British Lloyds TSB will become Britain's second major bank that is planning to transfer service operations out of the country in an effort to cut costs and improve competitiveness, reports Xinhua.
Lloyds TSB announced in a statement that it was closing its Newcastle call centre, where
more than 900 staff are employed, by the end of next year and would transfer the operation to India and to other call centres around the country.
Britain's third biggest bank said "this has been a very difficult decision and has only been made after considerable thought and discussion".
It said, "we operate in a fiercely competitive environment and it is vital that we find ways of running our business effectively and competitively, in order to continue to invest in the service and products we provide to our customers".
Britain's largest commercial bank HSBC announced October 16 it would cut 4,000 jobs at its British customer service centres over the next three years and would transfer the work to service centres in India, China and Malaysia beginning January 2004.

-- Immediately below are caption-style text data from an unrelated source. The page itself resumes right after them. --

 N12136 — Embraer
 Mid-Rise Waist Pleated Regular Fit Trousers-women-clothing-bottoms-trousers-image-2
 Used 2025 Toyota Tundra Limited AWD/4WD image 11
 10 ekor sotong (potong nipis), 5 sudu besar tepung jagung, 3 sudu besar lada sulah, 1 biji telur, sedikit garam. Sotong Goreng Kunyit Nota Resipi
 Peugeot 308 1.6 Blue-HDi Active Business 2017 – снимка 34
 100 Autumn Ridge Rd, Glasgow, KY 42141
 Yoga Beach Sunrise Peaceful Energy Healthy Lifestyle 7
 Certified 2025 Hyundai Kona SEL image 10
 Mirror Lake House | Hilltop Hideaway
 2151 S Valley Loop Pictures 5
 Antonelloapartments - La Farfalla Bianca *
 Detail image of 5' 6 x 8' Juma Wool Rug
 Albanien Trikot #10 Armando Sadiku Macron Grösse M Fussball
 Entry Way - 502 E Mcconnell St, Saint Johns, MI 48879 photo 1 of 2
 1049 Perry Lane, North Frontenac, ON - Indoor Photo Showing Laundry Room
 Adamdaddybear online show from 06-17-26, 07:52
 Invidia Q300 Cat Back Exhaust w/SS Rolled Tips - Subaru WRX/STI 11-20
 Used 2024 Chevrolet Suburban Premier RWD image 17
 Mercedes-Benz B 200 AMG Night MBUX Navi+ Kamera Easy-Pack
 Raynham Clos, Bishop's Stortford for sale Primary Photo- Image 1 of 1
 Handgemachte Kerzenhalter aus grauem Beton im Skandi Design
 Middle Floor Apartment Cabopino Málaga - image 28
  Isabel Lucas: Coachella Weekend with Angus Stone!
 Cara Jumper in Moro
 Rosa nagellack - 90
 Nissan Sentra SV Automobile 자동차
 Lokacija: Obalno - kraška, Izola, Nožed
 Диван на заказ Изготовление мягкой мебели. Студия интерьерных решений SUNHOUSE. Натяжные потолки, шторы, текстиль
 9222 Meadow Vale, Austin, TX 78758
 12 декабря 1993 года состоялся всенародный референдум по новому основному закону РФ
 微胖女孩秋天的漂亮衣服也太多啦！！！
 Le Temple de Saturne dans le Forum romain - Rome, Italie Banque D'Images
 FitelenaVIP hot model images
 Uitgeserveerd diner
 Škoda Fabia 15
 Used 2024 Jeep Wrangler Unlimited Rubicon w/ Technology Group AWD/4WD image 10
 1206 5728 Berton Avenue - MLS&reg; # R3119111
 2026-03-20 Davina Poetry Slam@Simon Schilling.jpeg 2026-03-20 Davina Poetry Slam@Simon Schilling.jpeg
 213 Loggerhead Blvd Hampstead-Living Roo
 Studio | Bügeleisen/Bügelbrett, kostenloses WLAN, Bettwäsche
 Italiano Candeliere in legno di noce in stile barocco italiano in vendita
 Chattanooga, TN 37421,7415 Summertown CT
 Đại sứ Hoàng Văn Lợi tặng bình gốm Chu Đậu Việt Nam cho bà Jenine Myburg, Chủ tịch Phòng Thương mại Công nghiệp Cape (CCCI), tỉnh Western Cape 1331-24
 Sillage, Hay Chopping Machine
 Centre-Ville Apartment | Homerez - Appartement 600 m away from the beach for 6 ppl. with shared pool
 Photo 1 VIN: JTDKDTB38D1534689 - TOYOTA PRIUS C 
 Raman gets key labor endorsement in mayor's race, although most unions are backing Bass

Lloyds TSB said "in September 2003, we announced our intention to have 1,500 jobs in India by the end of 2004, of which these roles are a part".
Bernadette Fisher, the national officer of bank workers' union UNIFI, described the bank's move as "callous" and said it is "jumping on the outsourcing overseas bandwagon accelerated by HSBC earlier this month, and shows that despite all Lloyds' statements on social responsibility it has no respect for staff, customers or local communities.
"It is purely in the business of generating profit without a conscience," she said.